A century later, with the realization that human skin was protected by filtering out UV rays. Eugene Schueller of France brought the first commercially available sunscreen to the U.S. market. Comprised of PABA benzyl cinnamate and benzyl salicylate, its success inspired Schueller to launch the L’Oreal company.
In the 1940s, Miami pharmacist Benjamin Greene marketed a compound that was less effective than anticipated. He quickly developed a more popular formula he called Coppertone. By dampening the fears of sunburn, the product lured millions more to the beaches, lakes, and rivers.

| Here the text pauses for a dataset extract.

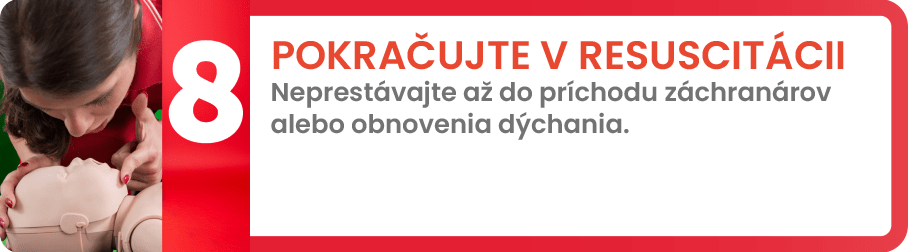 Prvá pomoc, krok 8 – Pokračujte v resuscitácii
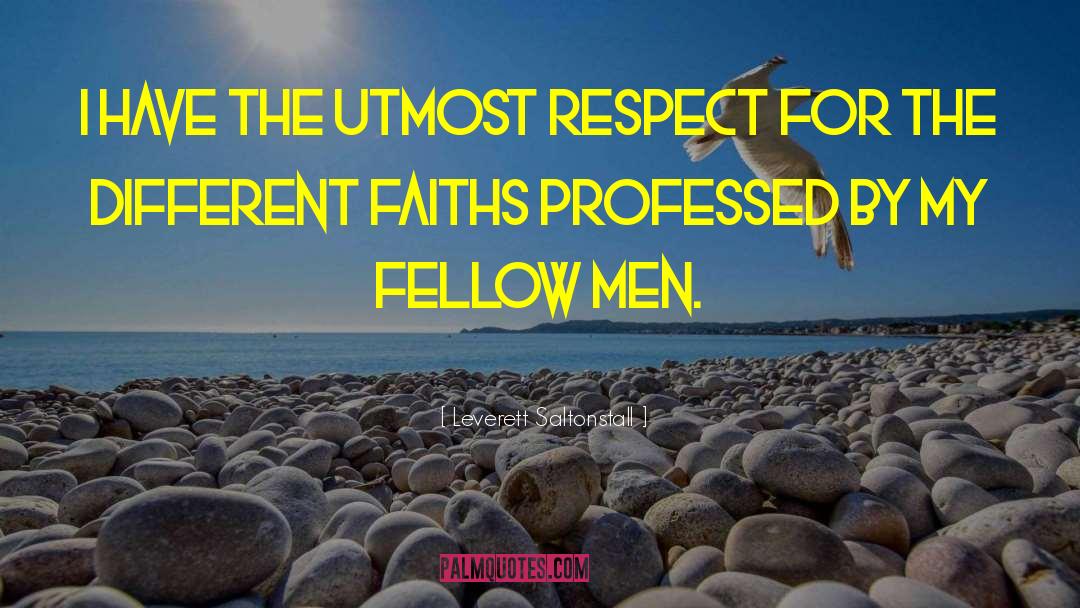 Respect Men quotes by Leverett Saltonstall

Coppertone and Ultraviolet Rays
While the original version of Coppertone helped prevent sunburn, it did not provide sufficient protection against UV rays. And as the numbers of sunbathers increased, so too did the cases of skin cancer.
Birth of Billions
In 1962, Professor Franz Greiter of Austria developed a method of measuring a formula’s ability to block ultraviolet rays. Known as the Sun Protection Factor (SPF), it has since become the worldwide standard for measuring sunscreen effectiveness in skin care. In fact, Greiter’s breakthrough spurred a sun-protection market that generates more than $1.3 billion today.
Sunscreens and Sunblocks
Sunscreens typically use such benzophenones as oxybenzone, dibenzoyl methane, and other chemicals to protect the skin from various types of UV radiation. At the same, sunblocks depend on zinc oxide and titanium dioxide. Sunblocks are generally considered to be free of chemicals and less likely to cause allergic reactions than sunscreen.
The Future of Sunscreen
Among primary goals is the development of a sunscreen pill. Much attention is devoted to astaxanthin, a substance found in red ocean animals, plants, and salmon. Astaxanthin cuts the pain and swelling of sunburn, and when combined with other measures, it provides significant skin care protection against UV rays. In fact, astaxanthin and various antioxidants are expected to produce the next major advances in sun protection.